Maybe I'm also hoping people will feel sorry for me and want to be my friend? lol I don't know anymore. I don't understand anything anymore. 

All I know is that I'm tired of being so isolated from everything and everyone. I'm tired of being lonely. Soul crushing loneliness is so not fun. 

The thing I worry about though is do I even know how to relate to people anymore? Have I been isolated for so long that I'm just a total mess when it comes to being social? I have no idea.


----------



## Juan Jose (Dec 14, 2015)

I'm in the same situation and me is told that it's completely normal and that it the real life.


----------



## Anon227 (Sep 24, 2015)

Juan Jose said:


> I'm in the same situation and me is told that it's completely normal and that it the real life.


agreed, and this statement also implies that real life sucks, which is true for the vast majority unfortunately.


----------



## AquarianHorse (Nov 30, 2015)

I feel the same way. Ever feel like you wish you can just go to bed and not wake up? It sucks when you do wake up because it's like why did you even have to? 

I feel like nothing good I do gets noticed, I am a good person, I am human but nope, I am not allowed to make mistakes but hey if other people do it's perfectly fine but nope, not me. 

I feel cursed and like I am only alive for others to hurt others. Ever feel like that too? 

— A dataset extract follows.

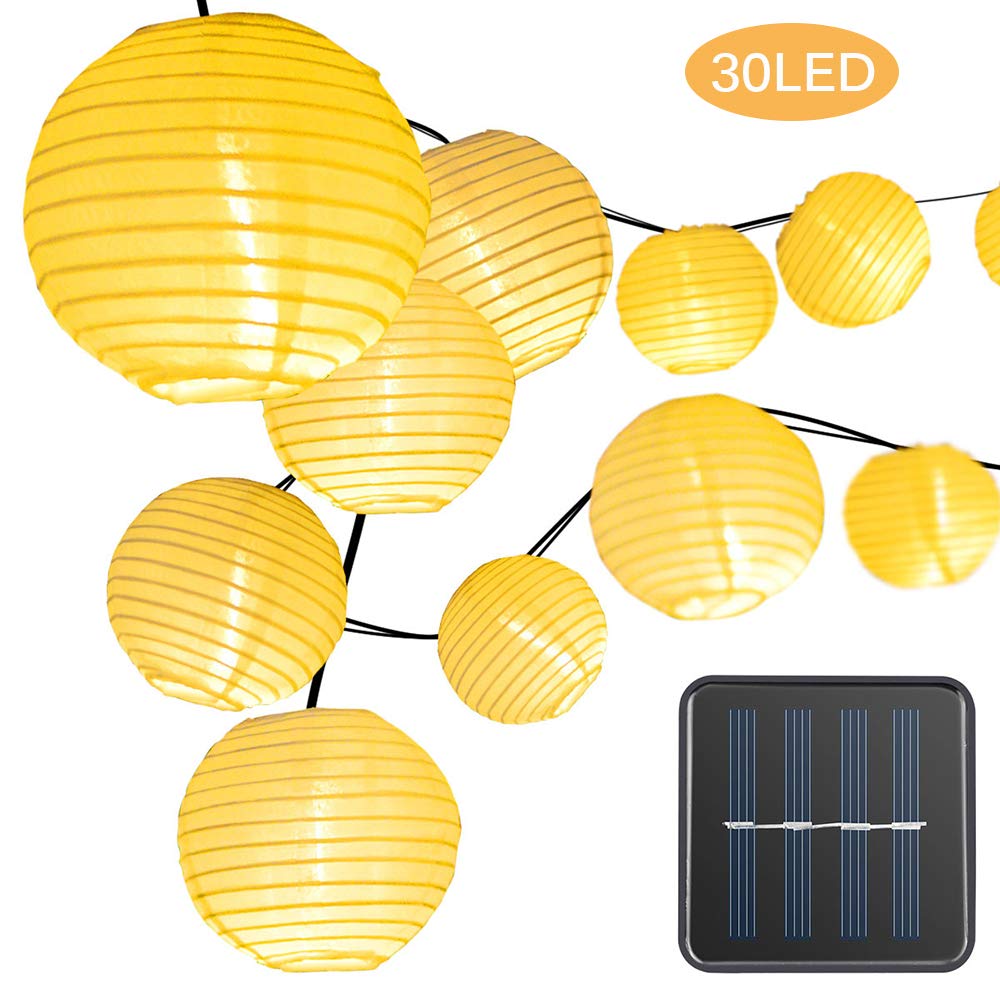 PUCACHI Solar Lantern String Lights, 19.7ft 30LED Waterproof Garden Lanterns for Christmas, Garden, Home, Yard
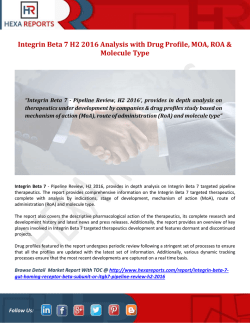 Integrin Beta 7 H2 2016 Analysis with Drug Profile, MOA, ROA & Molecule Type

I want to be all of your friends


----------



## Shawn81 (Jul 9, 2014)

vela said:


> Okay, I think I seriously suck at this people thing. Just this year I've had three people in my life just up and disappear! Well two like completely disappeared without a word and another let me know she was leaving. Okay then...
> 
> Then my "best friend" like has barely spoken to me for the past few months. She says she's been too busy. But we're still best friends and she loves talking to me.
> 
> ...


Yes.

And I can relate to basically everything below that.


----------



## visualkeirockstar (Aug 5, 2012)

We're all lonely.


----------



## sosassy (Oct 29, 2014)

I'm lonely too and it's very embarrassing to admit it


----------



## Dark Jewel (Jul 18, 2014)

vela said:


> I am sooooooooo lonely!! Do you ever get so lonely that you feel like you're going to die just from loneliness?
> .


I feel like that all of the time.


----------



## XxCrystalXx (Jun 24, 2015)

Yes. I find it difficult to befriend people. I over-think and make things complicated because I am afraid of being criticized by others.


----------



## gumballhead (Jun 8, 2011)

I don't know. maybe it's because I grew up with only my Mom around for so many years, but I don't constantly need to be around people. I've never been used to having all that many people around anyway. I do get "that" kind of lonely semi frequently. Just a girl to cuddle up with would be nice. Sometimes I'd like a few friends around to shoot the **** with too, but I've never really had an extreme need for them. I'm looking on the bright side. I have a feeling my life is going to change in one way or another soon. I always say that at the end of the year, but I think this time it could be, with my newfound positive attitude.


----------



## Apoc (Nov 12, 2010)

I'll be your friend if you like.


----------



## Swagonite (Jun 24, 2014)

vela said:


> Okay, I think I seriously suck at this people thing. Just this year I've had three people in my life just up and disappear! Well two like completely disappeared without a word and another let me know she was leaving. Okay then...
> 
> Then my "best friend" like has barely spoken to me for the past few months. She says she's been too busy. But we're still best friends and she loves talking to me.
> 
> ...


----------



## vinegar (Jun 22, 2013)

i feel that, about not relating to anyone. it sucks because i talk to one or two people every day so i feel ungrateful but i crave some kind of unfulfillable closeness with another person. nothing romantic necessarily, i just feel so stunted loving everything and everyone so much with no way to express it. i always cringe when i find myself being mushy with someone i know so i resort to spilling my lame loser heart on the internet to strangers, lol. i wish i wasn't so dependant. 
i feel like i'm on another level, but in a bad way. at 4 in the morning this is my last place for human contact


----------



## hulkamaniak (Mar 21, 2008)

I am in the same situation, my best friend is barely talking to me. I am bi and have a bit of a crush on him, does your friend know you have a crush on her? I guess with females it isn't as freaky? My friend is straight so I obviously have never said a thing about it.


----------



## AlyssiaStras (Feb 5, 2012)

*I know exactly how you feel*

I know what you mean about being lonely. I wish I could make friends and I do try but I think why would I be someones friend if they already have friends.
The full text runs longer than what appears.